Your task → Transcribe the entries, keeping every character the same.

Exercise data →
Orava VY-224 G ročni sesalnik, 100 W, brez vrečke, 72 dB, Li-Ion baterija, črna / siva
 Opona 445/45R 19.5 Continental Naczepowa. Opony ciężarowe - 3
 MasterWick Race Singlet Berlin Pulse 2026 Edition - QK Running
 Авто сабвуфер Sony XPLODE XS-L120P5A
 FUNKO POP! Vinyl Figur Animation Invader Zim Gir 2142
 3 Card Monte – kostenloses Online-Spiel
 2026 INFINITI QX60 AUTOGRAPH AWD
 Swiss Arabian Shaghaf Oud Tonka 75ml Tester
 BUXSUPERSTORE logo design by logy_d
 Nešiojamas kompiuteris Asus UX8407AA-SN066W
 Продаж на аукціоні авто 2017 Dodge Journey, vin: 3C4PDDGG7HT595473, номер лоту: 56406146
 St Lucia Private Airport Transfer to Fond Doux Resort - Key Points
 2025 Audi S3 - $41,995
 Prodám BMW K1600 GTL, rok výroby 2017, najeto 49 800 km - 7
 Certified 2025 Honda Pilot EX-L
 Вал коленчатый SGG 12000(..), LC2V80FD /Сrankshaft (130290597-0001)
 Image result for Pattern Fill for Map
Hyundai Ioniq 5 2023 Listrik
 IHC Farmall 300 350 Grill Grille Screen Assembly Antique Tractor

Answer to this problem →
Orava VY-224 G ročni sesalnik, 100 W, brez vrečke, 72 dB, Li-Ion baterija, črna / siva
 Opona 445/45R 19.5 Continental Naczepowa. Opony ciężarowe - 3
 MasterWick Race Singlet Berlin Pulse 2026 Edition - QK Running
 Авто сабвуфер Sony XPLODE XS-L120P5A
 FUNKO POP! Vinyl Figur Animation Invader Zim Gir 2142
 3 Card Monte – kostenloses Online-Spiel
 2026 INFINITI QX60 AUTOGRAPH AWD
 Swiss Arabian Shaghaf Oud Tonka 75ml Tester
 BUXSUPERSTORE logo design by logy_d
 Nešiojamas kompiuteris Asus UX8407AA-SN066W
 Продаж на аукціоні авто 2017 Dodge Journey, vin: 3C4PDDGG7HT595473, номер лоту: 56406146
 St Lucia Private Airport Transfer to Fond Doux Resort - Key Points
 2025 Audi S3 - $41,995
 Prodám BMW K1600 GTL, rok výroby 2017, najeto 49 800 km - 7
 Certified 2025 Honda Pilot EX-L
 Вал коленчатый SGG 12000(..), LC2V80FD /Сrankshaft (130290597-0001)
 Image result for Pattern Fill for Map
Hyundai Ioniq 5 2023 Listrik
 IHC Farmall 300 350 Grill Grille Screen Assembly Antique Tractor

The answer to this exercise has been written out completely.